Despite its stark subject matter, the predominant aesthetic in “Through Lines” is dauntlessly colourful. In turn, it activates the living presence of the viewer. Raafia Jessa’s installation of /’lo.kwi:/, 2016, wallpapers the gallery’s entranceway with multicoloured characters from its fictitious half-Arabic, half-Latin alphabet, situating the viewer more as an agent than a decoder of the utopian language world the work projects. Meanwhile, Michèle Pearson Clarke’s video work All That Is Left Unsaid, 2014, confronts us with our own out-of-placeness in a present marked by lack and loss. At first drawing the viewer in with its lush purple exhibition space and close, intimate framing of Audre Lorde in a 1995 documentary interview, the film soon pushes us back out, into our own hapless bodies, as it proceeds mechanically through clips of Lorde’s gestures and stutters—everything but her actual words. By replacing the momentous poet’s promise of verbal clarity with the abrasive texture of her absence (Lorde, like Clarke’s mother, died young of cancer), Clarke throws us into our harrowing responsibility to transform ourselves by our own volition.

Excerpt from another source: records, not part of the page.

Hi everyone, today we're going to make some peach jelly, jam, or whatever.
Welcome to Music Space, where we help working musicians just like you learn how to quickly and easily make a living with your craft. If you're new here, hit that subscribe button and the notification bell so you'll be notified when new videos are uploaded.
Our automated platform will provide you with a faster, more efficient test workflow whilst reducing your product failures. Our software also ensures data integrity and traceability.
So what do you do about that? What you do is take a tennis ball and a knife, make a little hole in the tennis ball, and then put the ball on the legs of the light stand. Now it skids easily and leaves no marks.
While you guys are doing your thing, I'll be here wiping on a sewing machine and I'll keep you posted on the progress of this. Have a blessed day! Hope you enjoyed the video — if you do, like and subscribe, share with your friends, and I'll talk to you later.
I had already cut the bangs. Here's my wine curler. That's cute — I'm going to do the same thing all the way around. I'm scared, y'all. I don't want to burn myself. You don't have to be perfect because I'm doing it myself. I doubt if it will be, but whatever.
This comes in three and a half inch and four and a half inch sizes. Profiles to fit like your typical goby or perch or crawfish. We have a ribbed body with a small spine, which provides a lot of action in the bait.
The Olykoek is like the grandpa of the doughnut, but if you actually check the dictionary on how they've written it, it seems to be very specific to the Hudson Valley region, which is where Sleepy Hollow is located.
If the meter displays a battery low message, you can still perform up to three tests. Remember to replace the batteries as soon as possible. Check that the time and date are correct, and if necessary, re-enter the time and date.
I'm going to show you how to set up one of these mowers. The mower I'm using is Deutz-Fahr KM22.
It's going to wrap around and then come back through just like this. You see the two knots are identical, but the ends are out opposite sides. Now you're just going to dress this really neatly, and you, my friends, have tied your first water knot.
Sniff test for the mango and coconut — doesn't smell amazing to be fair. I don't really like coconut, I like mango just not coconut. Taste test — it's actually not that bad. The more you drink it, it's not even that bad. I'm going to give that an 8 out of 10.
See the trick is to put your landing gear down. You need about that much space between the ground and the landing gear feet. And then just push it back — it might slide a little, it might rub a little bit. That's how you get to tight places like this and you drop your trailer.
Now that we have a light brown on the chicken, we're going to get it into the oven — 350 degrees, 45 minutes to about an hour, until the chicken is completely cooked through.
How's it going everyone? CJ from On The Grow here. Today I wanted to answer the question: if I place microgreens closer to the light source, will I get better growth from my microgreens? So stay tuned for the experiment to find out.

Although redaction is central to each of the exhibition’s works, the striking variety of its manifestations across “Through Lines” asserts that the technique cannot be reduced to a single material form. Like Myre and Hupfield, Leila Fatemi focuses on the act of covering up in Revealed/Reveiled, 2018, which uses digital image glitching to re-cover the Muslim Algerian women forced to unveil for French colonial photographer Marc Garanger’s Femmes Algeriennes, 1970. Meanwhile, Scott Benesiinaabandan and Lise Beaudry follow Clarke in composing through juxtapositions and cuts, collapsing their sources’ temporalities rather than layering over them spatially. Yet, Beaudry especially—in constructing her brilliant and haunting mural Maurice, 2018, out of shredded inkjet prints of family photos—reminds us that redaction is defined less by its objective form than by the subject who realizes, remembers, and desires alongside and in spite of it. Whenever reality isn’t wholly on view (which is, of course, always), we are the source of its through lines, on one end commemorating what has been taken away, on the other inventing what has never been there in the first place.
“Through Lines” was exhibited at the Koffler Gallery, Toronto, from September 13 to November 25, 2018.
John Nyman is a poet, critic, and scholar from Toronto.